Wer ein Überblickswerk über die Flämischen Meister des 15. Jahrhunderts schreibt, stellt sich in eine große, Ehrfurcht gebietende Forschungstradition. Namhafte Kunsthistoriker haben auf diesem Gebiet ihre jeweilige Duftmarke hinterlassen, erinnert sei nur an Max J. Friedländer, Charles de Tolnay, Erwin Panofsky, Wolfgang Schöne, Friedrich Winkler, Otto Pächt oder Hans Belting. Für sie alle war die Epoche mehr oder weniger durch die Eckdaten 1432 (vermutliche Fertigstellung des Genter Altares durch die Brüder van Eyck) und 1569 (Tod Pieter Bruegels d. Ä.) verbindlich gesetzt. - Ein unbeackertes Feld der Forschung ist die Malerei der «burgundischen Niederlande» keineswegs. Dazu sind Fülle und Qualität der Tafelmalerei einfach zu gewaltig. Was hat es also mit der Neuerscheinung «Flämische Meister. Von van Eyck bis Bruegel» durch den Belgier Matthias Depoorter auf sich? - Walter Kayser hat sich auf die Suche nach einer Antwort gemacht.

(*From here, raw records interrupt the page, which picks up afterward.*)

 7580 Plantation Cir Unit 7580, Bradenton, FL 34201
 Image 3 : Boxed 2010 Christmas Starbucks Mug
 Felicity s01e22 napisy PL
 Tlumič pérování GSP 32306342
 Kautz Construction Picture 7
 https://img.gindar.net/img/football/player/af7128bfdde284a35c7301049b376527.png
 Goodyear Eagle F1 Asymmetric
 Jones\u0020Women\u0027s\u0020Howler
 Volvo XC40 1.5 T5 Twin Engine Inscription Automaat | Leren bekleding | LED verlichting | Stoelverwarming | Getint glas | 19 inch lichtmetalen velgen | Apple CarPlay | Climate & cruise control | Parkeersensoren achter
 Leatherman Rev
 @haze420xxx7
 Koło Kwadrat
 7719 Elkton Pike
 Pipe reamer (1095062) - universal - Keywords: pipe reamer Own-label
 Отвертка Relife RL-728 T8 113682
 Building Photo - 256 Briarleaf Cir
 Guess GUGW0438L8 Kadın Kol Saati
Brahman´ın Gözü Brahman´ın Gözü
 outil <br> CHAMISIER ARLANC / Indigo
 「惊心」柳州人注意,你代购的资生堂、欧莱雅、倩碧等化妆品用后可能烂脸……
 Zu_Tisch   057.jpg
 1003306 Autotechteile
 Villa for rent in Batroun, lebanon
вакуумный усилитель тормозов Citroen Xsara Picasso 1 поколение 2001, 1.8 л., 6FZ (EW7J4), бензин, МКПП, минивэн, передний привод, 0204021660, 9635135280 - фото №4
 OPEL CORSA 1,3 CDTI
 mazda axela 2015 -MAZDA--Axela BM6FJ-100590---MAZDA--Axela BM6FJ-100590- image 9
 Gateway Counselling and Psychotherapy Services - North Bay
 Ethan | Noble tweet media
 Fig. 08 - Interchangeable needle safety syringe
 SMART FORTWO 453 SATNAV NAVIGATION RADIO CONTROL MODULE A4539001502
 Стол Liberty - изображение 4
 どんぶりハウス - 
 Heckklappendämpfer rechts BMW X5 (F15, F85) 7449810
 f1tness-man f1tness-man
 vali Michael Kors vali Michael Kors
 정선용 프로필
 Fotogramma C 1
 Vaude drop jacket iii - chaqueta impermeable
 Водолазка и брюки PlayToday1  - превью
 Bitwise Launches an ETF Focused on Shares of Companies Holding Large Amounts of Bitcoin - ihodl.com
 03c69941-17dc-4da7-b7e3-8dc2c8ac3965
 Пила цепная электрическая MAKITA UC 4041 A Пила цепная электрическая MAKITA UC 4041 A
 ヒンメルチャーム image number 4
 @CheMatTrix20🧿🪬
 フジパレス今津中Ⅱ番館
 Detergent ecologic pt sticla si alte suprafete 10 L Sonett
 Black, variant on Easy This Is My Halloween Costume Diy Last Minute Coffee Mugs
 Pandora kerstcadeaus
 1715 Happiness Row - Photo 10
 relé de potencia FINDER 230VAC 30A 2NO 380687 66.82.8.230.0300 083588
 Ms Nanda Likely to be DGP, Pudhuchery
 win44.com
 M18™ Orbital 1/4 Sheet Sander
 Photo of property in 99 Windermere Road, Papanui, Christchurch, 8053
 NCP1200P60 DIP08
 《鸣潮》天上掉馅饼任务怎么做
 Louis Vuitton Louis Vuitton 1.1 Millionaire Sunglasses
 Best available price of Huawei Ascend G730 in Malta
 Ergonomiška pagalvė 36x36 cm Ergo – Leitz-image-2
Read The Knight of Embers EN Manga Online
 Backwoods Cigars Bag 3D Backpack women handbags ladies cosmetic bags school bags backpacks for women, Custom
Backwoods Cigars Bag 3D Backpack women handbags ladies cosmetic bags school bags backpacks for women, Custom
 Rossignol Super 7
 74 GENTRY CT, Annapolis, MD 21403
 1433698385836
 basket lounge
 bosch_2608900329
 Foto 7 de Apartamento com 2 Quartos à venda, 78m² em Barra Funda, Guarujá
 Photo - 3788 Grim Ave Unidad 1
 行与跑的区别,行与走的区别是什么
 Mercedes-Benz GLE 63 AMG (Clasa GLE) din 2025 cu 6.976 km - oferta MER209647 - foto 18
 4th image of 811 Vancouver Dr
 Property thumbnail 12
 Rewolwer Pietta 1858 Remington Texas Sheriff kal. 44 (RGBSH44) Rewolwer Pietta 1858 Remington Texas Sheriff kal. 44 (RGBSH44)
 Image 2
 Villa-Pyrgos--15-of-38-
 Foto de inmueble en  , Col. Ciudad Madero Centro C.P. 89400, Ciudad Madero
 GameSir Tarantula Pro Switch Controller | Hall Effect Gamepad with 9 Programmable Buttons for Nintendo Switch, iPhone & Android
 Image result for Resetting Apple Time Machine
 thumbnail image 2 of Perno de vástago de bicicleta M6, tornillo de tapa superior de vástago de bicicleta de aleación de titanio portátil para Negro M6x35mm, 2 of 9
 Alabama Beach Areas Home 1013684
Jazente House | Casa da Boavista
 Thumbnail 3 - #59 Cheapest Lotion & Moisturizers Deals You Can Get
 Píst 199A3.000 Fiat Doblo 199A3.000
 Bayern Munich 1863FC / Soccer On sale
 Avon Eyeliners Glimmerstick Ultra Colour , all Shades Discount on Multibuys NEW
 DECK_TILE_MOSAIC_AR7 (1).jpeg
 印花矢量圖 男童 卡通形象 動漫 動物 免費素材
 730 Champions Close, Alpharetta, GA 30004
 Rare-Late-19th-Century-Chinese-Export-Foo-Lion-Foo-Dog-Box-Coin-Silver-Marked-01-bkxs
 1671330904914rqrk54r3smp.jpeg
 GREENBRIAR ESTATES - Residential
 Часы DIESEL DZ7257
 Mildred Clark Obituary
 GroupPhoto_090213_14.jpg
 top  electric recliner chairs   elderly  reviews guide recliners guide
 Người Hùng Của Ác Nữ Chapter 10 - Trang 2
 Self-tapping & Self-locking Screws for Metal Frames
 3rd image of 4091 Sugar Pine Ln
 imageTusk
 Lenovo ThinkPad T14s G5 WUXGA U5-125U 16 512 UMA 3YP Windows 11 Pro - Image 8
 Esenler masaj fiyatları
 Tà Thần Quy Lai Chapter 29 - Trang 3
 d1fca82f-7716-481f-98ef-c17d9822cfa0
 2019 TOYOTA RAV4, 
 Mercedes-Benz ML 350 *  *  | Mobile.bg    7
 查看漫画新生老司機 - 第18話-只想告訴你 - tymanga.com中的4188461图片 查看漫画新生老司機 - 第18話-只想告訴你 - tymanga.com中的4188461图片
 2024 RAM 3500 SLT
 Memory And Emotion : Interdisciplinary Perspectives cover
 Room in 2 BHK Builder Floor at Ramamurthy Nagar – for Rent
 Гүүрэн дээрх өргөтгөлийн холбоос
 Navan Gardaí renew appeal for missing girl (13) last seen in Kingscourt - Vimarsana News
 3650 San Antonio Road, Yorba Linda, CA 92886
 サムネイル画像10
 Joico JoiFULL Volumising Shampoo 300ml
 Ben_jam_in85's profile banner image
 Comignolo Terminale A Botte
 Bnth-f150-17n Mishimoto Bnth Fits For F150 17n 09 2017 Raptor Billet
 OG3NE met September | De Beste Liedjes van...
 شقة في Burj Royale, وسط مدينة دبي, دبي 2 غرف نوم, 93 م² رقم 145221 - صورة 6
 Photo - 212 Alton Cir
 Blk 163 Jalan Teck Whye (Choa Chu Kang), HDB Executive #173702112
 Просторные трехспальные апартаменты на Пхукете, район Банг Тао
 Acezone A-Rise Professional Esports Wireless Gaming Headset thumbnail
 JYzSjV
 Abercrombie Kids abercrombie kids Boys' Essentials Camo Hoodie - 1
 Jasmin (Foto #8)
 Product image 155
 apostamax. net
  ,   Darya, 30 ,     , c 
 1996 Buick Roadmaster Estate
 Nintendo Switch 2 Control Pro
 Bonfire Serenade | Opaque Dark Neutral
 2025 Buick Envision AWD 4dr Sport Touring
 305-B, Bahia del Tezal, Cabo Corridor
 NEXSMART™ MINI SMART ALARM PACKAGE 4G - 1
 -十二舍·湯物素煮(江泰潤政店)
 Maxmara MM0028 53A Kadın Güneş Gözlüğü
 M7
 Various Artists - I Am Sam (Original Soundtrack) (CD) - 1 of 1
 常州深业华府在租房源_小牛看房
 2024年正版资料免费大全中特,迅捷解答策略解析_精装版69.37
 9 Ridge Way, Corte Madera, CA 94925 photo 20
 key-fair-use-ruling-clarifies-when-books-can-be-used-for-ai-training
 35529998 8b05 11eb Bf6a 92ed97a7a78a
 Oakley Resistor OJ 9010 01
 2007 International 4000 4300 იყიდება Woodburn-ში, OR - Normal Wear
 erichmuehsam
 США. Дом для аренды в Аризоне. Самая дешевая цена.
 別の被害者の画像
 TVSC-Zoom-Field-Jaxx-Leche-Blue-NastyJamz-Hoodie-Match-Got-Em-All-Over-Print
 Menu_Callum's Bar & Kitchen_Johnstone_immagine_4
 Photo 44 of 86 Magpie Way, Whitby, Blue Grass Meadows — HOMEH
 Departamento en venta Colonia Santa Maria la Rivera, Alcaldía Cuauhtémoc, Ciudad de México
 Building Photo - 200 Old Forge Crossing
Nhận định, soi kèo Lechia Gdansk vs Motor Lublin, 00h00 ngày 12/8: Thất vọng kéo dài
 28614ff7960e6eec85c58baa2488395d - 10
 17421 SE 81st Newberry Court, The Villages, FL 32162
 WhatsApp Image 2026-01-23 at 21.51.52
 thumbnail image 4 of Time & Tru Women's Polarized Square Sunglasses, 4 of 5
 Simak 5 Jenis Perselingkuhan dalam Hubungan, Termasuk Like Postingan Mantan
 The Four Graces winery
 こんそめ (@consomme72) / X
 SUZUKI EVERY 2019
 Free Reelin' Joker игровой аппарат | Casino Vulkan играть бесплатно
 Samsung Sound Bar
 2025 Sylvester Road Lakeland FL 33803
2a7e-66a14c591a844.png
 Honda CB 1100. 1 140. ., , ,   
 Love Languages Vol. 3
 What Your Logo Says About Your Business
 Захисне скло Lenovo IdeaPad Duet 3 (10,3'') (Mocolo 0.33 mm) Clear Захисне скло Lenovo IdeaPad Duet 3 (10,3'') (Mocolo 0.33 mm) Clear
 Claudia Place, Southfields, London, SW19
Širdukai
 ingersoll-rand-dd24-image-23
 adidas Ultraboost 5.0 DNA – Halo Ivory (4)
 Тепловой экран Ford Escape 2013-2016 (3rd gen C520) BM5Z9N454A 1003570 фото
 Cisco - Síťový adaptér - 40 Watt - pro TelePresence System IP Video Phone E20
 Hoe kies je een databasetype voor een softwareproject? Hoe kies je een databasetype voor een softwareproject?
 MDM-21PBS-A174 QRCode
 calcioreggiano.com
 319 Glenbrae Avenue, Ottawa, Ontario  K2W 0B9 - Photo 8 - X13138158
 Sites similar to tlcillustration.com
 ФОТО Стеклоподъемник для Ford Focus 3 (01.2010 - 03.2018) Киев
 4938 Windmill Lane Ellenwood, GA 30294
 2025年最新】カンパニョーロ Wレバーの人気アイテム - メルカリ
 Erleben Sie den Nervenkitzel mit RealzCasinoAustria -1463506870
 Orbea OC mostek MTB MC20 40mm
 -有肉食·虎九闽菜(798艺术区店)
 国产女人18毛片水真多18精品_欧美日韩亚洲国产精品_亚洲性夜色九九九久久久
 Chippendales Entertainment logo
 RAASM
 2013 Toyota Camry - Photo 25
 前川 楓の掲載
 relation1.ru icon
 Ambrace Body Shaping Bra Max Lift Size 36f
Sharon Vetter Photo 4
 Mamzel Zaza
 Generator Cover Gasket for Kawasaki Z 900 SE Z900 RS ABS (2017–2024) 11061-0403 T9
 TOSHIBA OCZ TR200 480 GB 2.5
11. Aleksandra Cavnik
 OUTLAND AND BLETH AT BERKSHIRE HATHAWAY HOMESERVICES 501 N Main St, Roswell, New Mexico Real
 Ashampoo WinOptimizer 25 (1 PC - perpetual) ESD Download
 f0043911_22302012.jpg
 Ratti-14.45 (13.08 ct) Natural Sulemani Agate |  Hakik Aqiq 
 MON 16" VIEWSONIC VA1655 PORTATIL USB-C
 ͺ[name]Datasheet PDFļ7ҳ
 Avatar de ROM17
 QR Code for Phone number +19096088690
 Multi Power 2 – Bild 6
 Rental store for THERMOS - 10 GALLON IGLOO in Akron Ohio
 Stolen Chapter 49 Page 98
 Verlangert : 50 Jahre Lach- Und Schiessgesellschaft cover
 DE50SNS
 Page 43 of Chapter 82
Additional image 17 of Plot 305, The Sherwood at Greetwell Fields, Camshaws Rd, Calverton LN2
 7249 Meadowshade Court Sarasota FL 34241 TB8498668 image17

Cover © Hatje Cantz Verlag
Cover © Hatje Cantz Verlag

Wenn man nach einem goldenen Zeitalter der Malerei Ausschau hält, wird man in den südlichen Niederlanden des 15. Jahrhunderts vielleicht noch eher als in der sagenhaften italienischen Frührenaissance jenseits der Alpen schnell fündig. Denn nachdem es 1384 zu der politischen Vereinigung von französischer Verfeinerung und flämischem Kaufmannsgeist am Hof Philipps des Guten gekommen war, entfaltete sich bald eine künstlerische Blüte, die schwerlich ihresgleichen sucht. Ja, man kann sagen, hier im Norden wurde das Bild noch mehr zu dem, was wir heute darunter verstehen und was Leon Battista Alberti in seinem Traktat «Della pittura» (1435) als Idealvorstellung formulierte: ein Fenster zur Welt («una finestra aperta sul mondo»), welches die Natur, die «wunderbare Bildnerin aller Dinge», als Lehrmeisterin gewählt hat, um «das Abwesende anwesend sein zu lassen». Das gilt in mehrfachem Sinn: in der Erschließung des Innen- und Außenraums, der Entdeckung der Landschaft als eigenständiger Gattung, im Entwickeln der Perspektive, aber auch im Porträt, das erstmals einen Menschen, der abwesend ist, uns individuell unverwechselbar und lebensecht gegenübertreten lässt.
Der Verfasser dieses Bandes, der vom renommierten Berliner Hatje Cantz aufs Beste ediert wurde, bewegt sich offensichtlich auf vertrautem Gelände. Denn Matthias Depoorter (Jahrgang 1980) zeichnete erst jüngst als Kunsthistoriker am Museum der Schönen Künste in Gent mitverantwortlich für die großartige Schau «Van Eyck. Eine optische Revolution». Daneben hat er für viele Zeitschriften gearbeitet. Schwerpunkt war bereits in seinem 2010 erschienen Buch «Van Eyck to Dürer» die altniederländische Malerei seiner Heimat. Daneben hat er in mehreren Publikationen (2012, 2015 und 2016) seine zweite Passion mit der zur Malerei verbunden, indem er der Darstellung von Vögeln nachging, und zwar nicht nur in der niederländischen Kunst des 15. und 16. Jahrhundert, sondern auch im Barockzeitalter.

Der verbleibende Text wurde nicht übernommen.